Recall that the Force is actually a religion, objectively, to quote a certain Imperial officer in “A New Hope,” and then my point will probably make more sense.
Luke Skywalker comes the closest out of any character in that franchise to being an absolute religious paragon. At the end of Episode VI, he is a fully-fledged Jedi married to a certain set of ideals, imbued with wisdom to defeat the Emperor and bring Darth Vader back to the light. He has absolutely zero reason to become anything else. But because such a thing would likely be boring onscreen, two certain Hollywood savants (J.J. Abrams and Rian Johnson) decided to eliminate all of his character development in one fell swoop, having Luke attempt to murder one of his students in the middle of the night and flee to a faraway planet without warning.
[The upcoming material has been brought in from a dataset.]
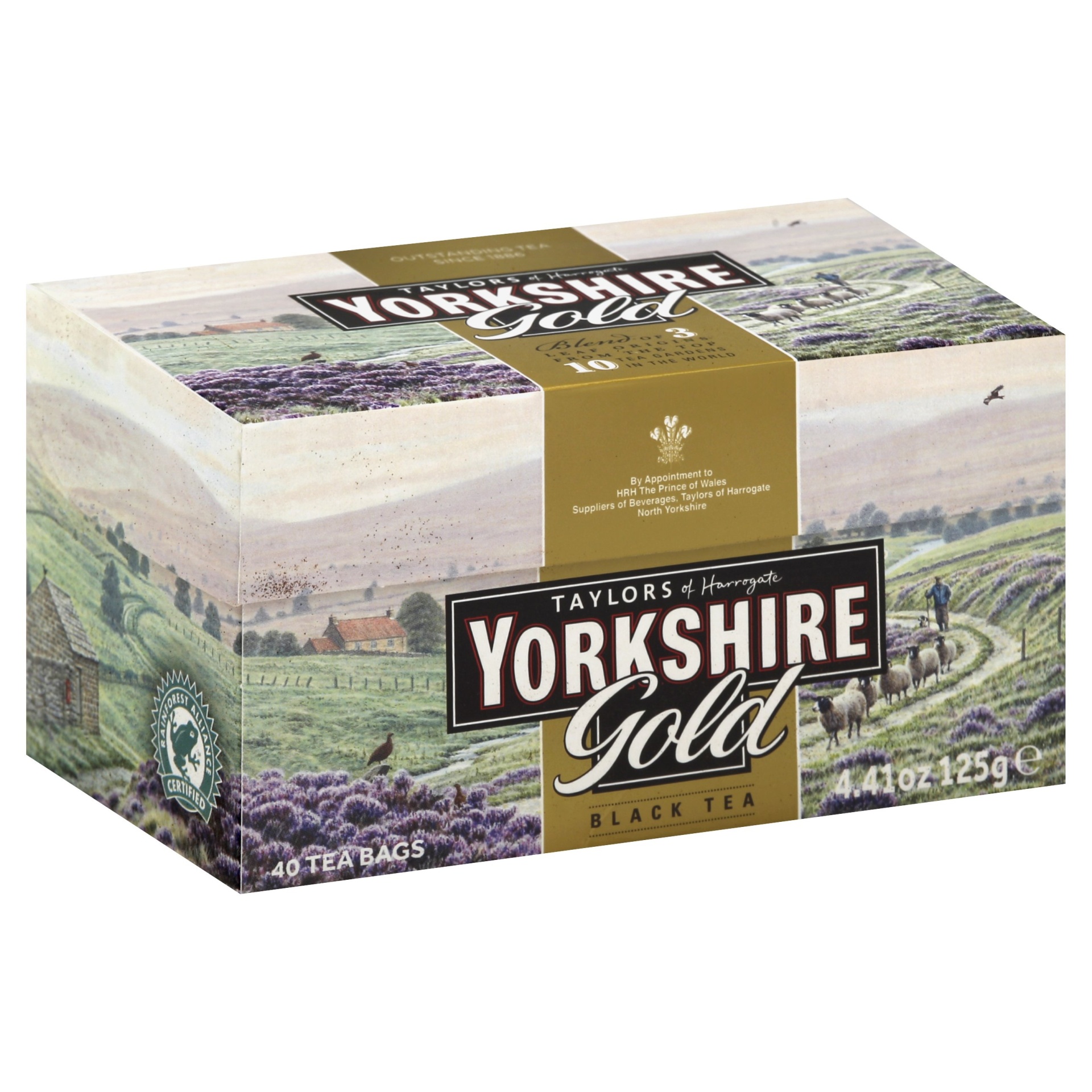slide 1 of 1, Taylors of Harrogate Yorkshire Gold Black Tea Bags, 40 ct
Who else comes close? Master Yoda and Mace Windu are almost there, but both fall short on their own time. They are indicative, quite incredibly, of the modern perception of religious characters. New religious characters create tension in two main ways: either through harmful blindness to human compassion beneath adherence to religious dogma (Windu) or blindness to objective logic beneath extreme religious confidence (Yoda).
What about non-Force-users? For this, we need to go back to Fetyukovich. If we can agree that law is a religion, and adherence to/belief in the admirable aspects of a fair judicial system is akin to belief in the credo of religious faith, then we have to pay a nod to the senators. Padme Amidala is almost a paragon — she screws it up by screwing with Anakin. But when she gives birth to twins and dies, giving her children away, one of the recipients is a man called Bail Organa. He is entirely paragonic in nature — fighting the onset of the Empire politically until the very end, yet never stooping to any low means to do so — and it is for precisely this reason that he receives incredibly little screen time. He is boring without the intrigue that stems from his being a spy, a bit to which he’s not fully willing to commit.
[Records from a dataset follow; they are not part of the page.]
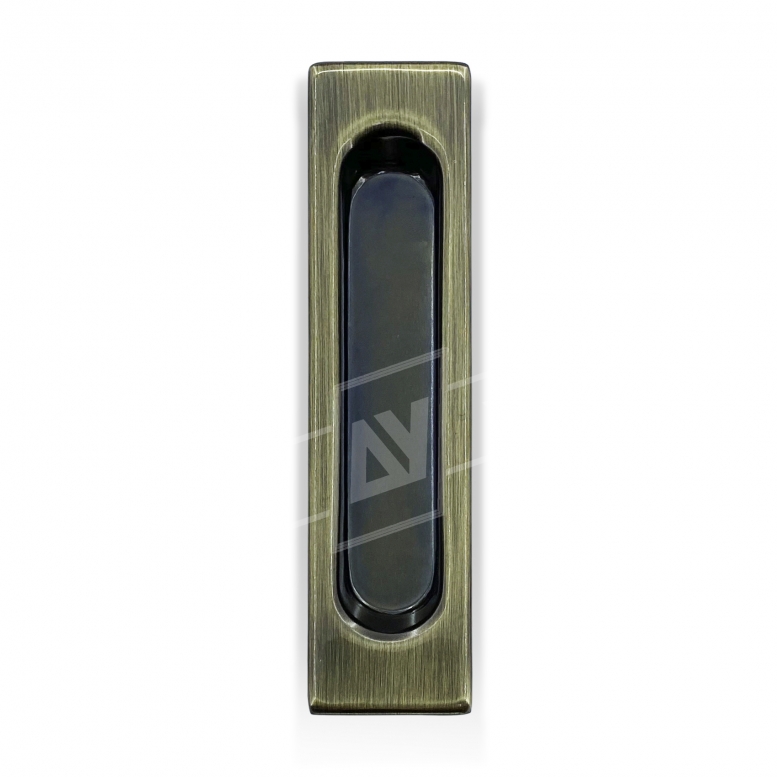Ручка для раздвижных дверей "USK" прямоугольная, [бронза], [150 x 35 мм]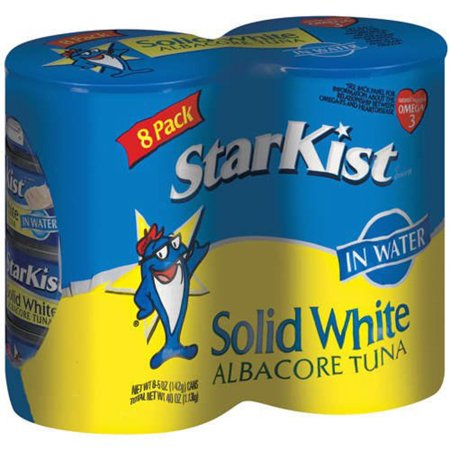 StarKist Solid White Albacore Tuna in Water 8 Pack. 5 Oz.- Canned & Jarred Seafood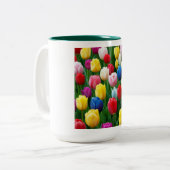 Pristine Tulips Mug Zweifarbige Tasse (Vorderseite Links)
To speak my peace, I want more religious paragons in fiction. They’ve been silent for much too long. I think that the lack of them represents a telling lack of something else — that is, a lack of any kind of objective sense of morals whatsoever. People have a hard time believing that anything significant may be objectively good or objectively bad, be it faith or law regardless. And the worst part is that I totally understand this point of view. Anybody can spin a story one way or another. One’s opinion of something, anything, can sway like the wind depending on the person who first informed one of its existence. That’s a sad way for the world to be, and the only way to challenge it is to put forward ideas in a succinct, literary fashion. Have the courage to present (and accept) your own ideas as truth. Besides, you’re a pretty smart guy. So why not?